Quem acompanha de perto é o fotógrafo Luiz Mendes, que registrou a passagem da comitiva pela ponte do Passo do Lontra. Para ele, o cenário mudou radicalmente nos últimos anos.
Segundo Luiz, o Pantanal perdeu muitas comitivas por causa das estradas e da modernização do transporte. O modelo tradicional, em que o fazendeiro comprava o gado e atravessava grandes distâncias apenas a cavalo, quase desapareceu. Hoje, grande parte das boiadas segue até o leilão em comitiva e, dali em diante, embarca em caminhões.

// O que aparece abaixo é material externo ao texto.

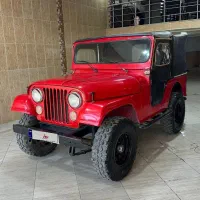 جیپ 68 درجه یک|خودرو سواری و وانت|ارومیه, |دیوار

“O João é um dos poucos que ainda faz essas travessias longas”, afirma. Nesta viagem, a comitiva já soma cerca de 50 dias na estrada e deve ultrapassar 60 dias longe de casa. O gado saiu do norte do estado e segue para outra região, muitas vezes entre fazendas do mesmo proprietário, especialmente quando a água avança sobre uma delas.
Para Luiz, o que se vê hoje é resistência cultural. A maioria das comitivas atuais atende deslocamentos curtos ou etapas até leilões. Travessias completas, cruzando o Pantanal por semanas, tornaram-se raras.
Em meio à cheia, o contraste chama atenção. Enquanto estradas ficam submersas e o acesso depende de embarcações ou desvios, homens a cavalo seguem conduzindo centenas de animais como há décadas. O que antes era rotina virou exceção. E, segundo quem vive da lida, manter a tradição exige mais do que técnica. Exige escolha.